MAPS: Advancing Multi-Modal Reasoning in Expert-Level Physical Science
Zhu, Erle, Liu, Yadi, Zhang, Zhe, Li, Xujun, Zhou, Jin, Yu, Xinjie, Huang, Minlie, Wang, Hongning
Pre-trained on extensive text and image corpora, current Multi-Modal Large Language Models (MLLM) have shown strong capabilities in general visual reasoning tasks. However, their performance is still lacking in physical domains that require understanding diagrams with complex physical structures and quantitative analysis based on multi-modal information. To address this, we develop a new framework, named Multi-Modal Scientific Reasoning with Physics Perception and Simulation (MAPS) based on an MLLM. MAPS decomposes expert-level multi-modal reasoning task into physical diagram understanding via a Physical Perception Model (PPM) and reasoning with physical knowledge via a simulator. The PPM module is obtained by fine-tuning a visual language model using carefully designed synthetic data with paired physical diagrams and corresponding simulation language descriptions. At the inference stage, MAPS integrates the simulation language description of the input diagram provided by PPM and results obtained through a Chain-of-Simulation process with MLLM to derive the underlying rationale and the final answer.
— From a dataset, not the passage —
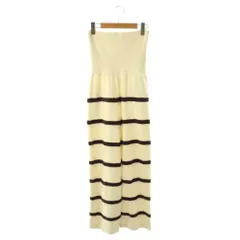 ジェラートピケ gelato pique ホットスムーズィーボーダーロングパンツ ルームウェア ナイトウェア F アイボリー /DF ■OS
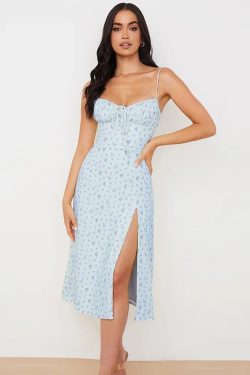 Y2K Floral Dress - Retro 90s Grunge Summer Outfit, Y2K Party, Club, and Beach Fashion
Validated using our collected college-level circuit analysis problems, MAPS significantly improves reasoning accuracy of MLLM and outperforms all existing models. The results confirm MAPS offers a promising direction for enhancing multi-modal scientific reasoning ability of MLLMs. We will release our code, model and dataset used for our experiments upon publishing of this paper.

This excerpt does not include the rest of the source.